---- Information given

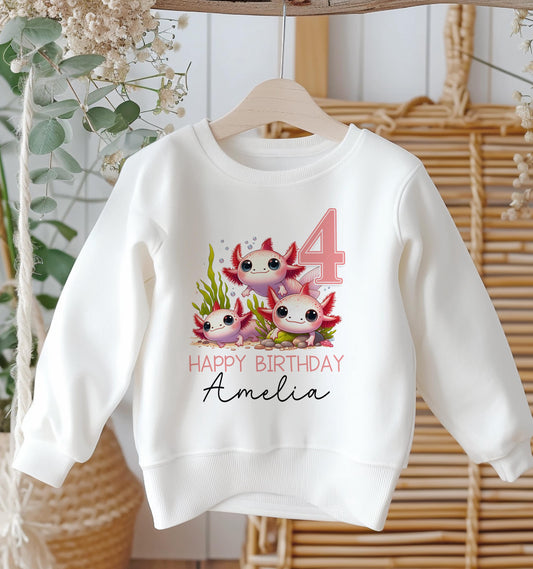 Personalised white cotton sweatshirt with cute axolotl design, custom name and birthday age, baby size 6-12 months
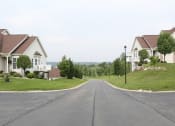 Thumbnail 29 of 31 - a street with houses on the side of a road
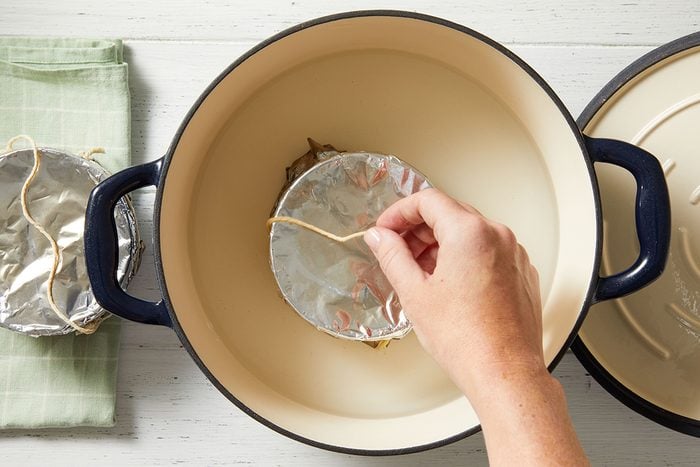A hand places a foil-covered dish with string into a large, empty cream-colored pot with black handles, next to a green cloth on a white surface.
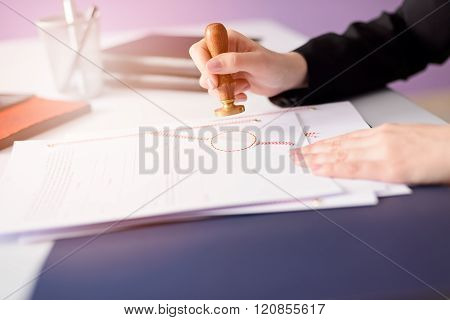 Notary Public Stamping The Document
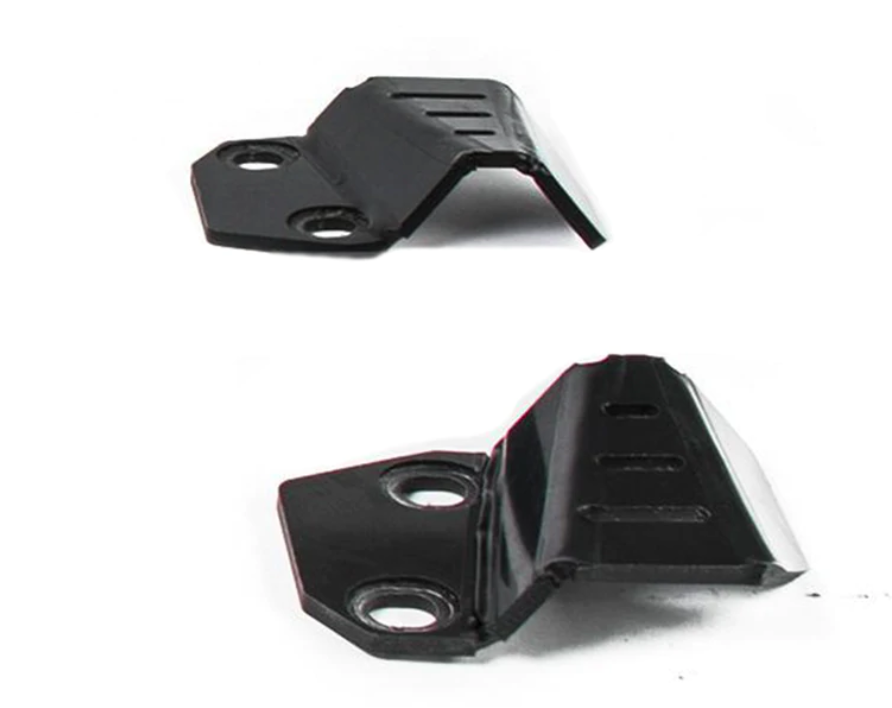 The image shows two black metal brackets for Cf Moto C Force 800 / 800Xc / 1000 Plastic A-Arm Guards. Each has two round mounting holes and three rectangular slots on the raised part, displayed from different angles against a white background.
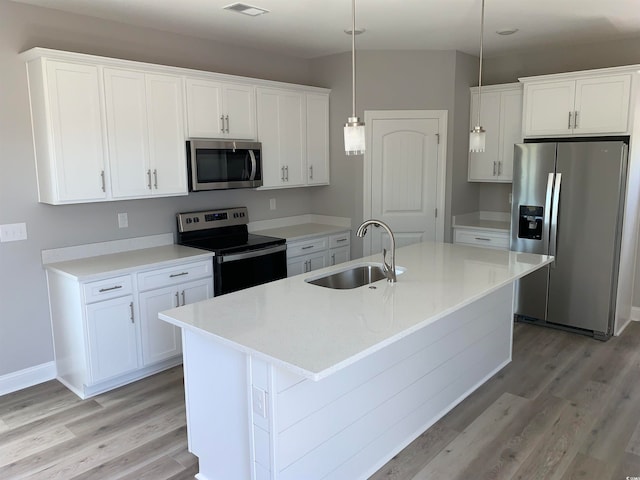 kitchen with white cabinets, a center island with sink, and stainless steel appliances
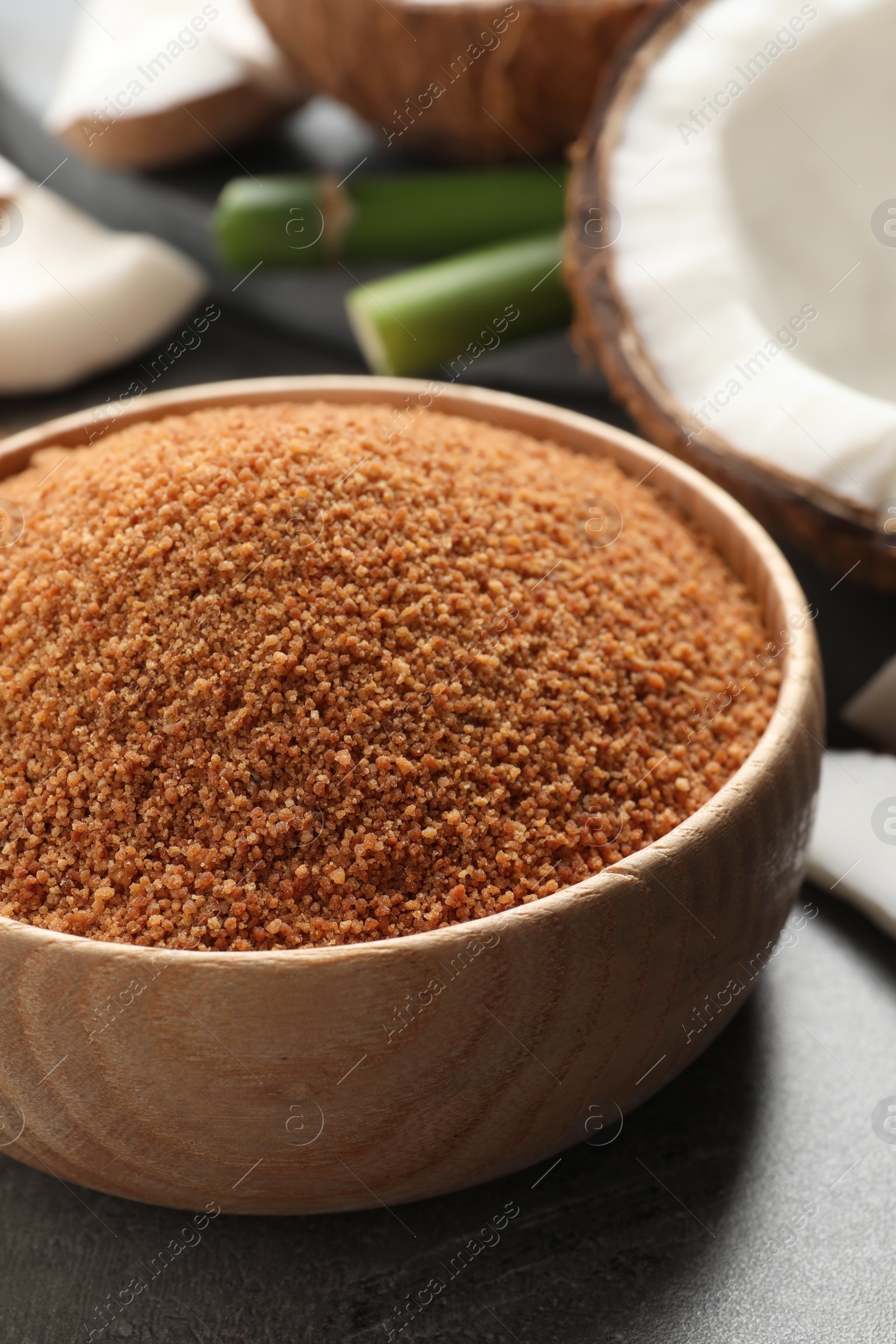 Photo of Natural coconut sugar in wooden bowl on grey table, closeup
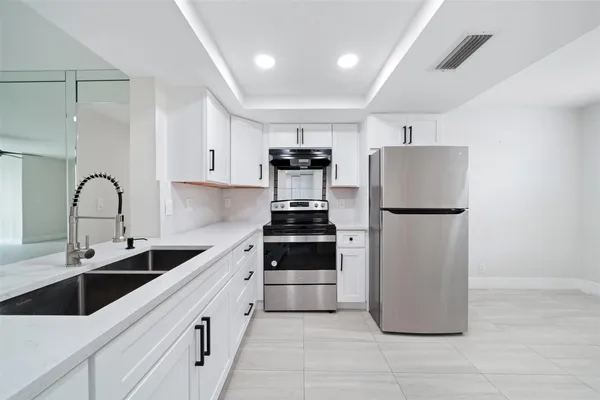 a kitchen with a sink cabinets and stainless steel appliances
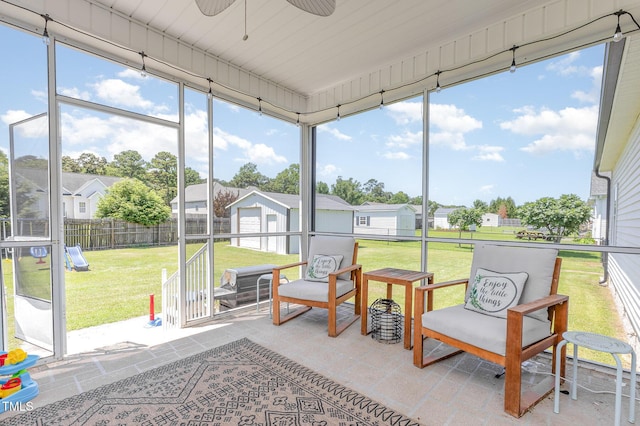 305 Maddux Dr, Pikeville, NC 27863 - sunroom with ceiling fan, a residential view, and healthy amount of natural light
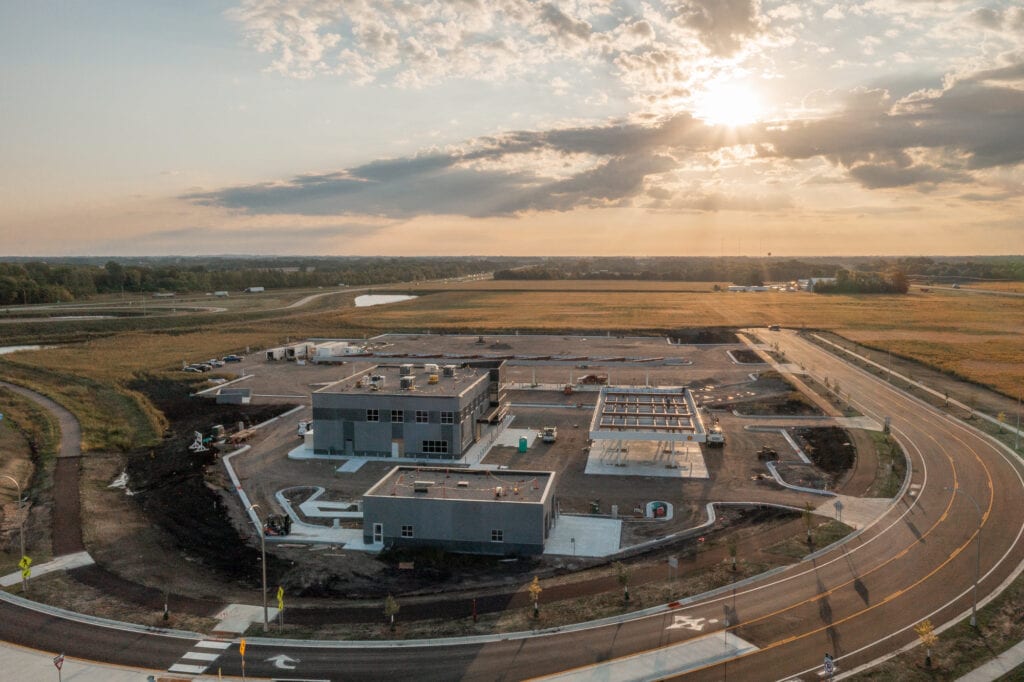 Aerial view of a construction site for a truck stop in the early morning hours.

--------

• [Work to complete] Only an exact copy of the records counts as an answer. Leave out the images.

• [Completed exercise]
 Personalised white cotton sweatshirt with cute axolotl design, custom name and birthday age, baby size 6-12 months
 Thumbnail 29 of 31 - a street with houses on the side of a road
A hand places a foil-covered dish with string into a large, empty cream-colored pot with black handles, next to a green cloth on a white surface.
 Notary Public Stamping The Document
 The image shows two black metal brackets for Cf Moto C Force 800 / 800Xc / 1000 Plastic A-Arm Guards. Each has two round mounting holes and three rectangular slots on the raised part, displayed from different angles against a white background.
 kitchen with white cabinets, a center island with sink, and stainless steel appliances
 Photo of Natural coconut sugar in wooden bowl on grey table, closeup
 a kitchen with a sink cabinets and stainless steel appliances
 305 Maddux Dr, Pikeville, NC 27863 - sunroom with ceiling fan, a residential view, and healthy amount of natural light
 Aerial view of a construction site for a truck stop in the early morning hours.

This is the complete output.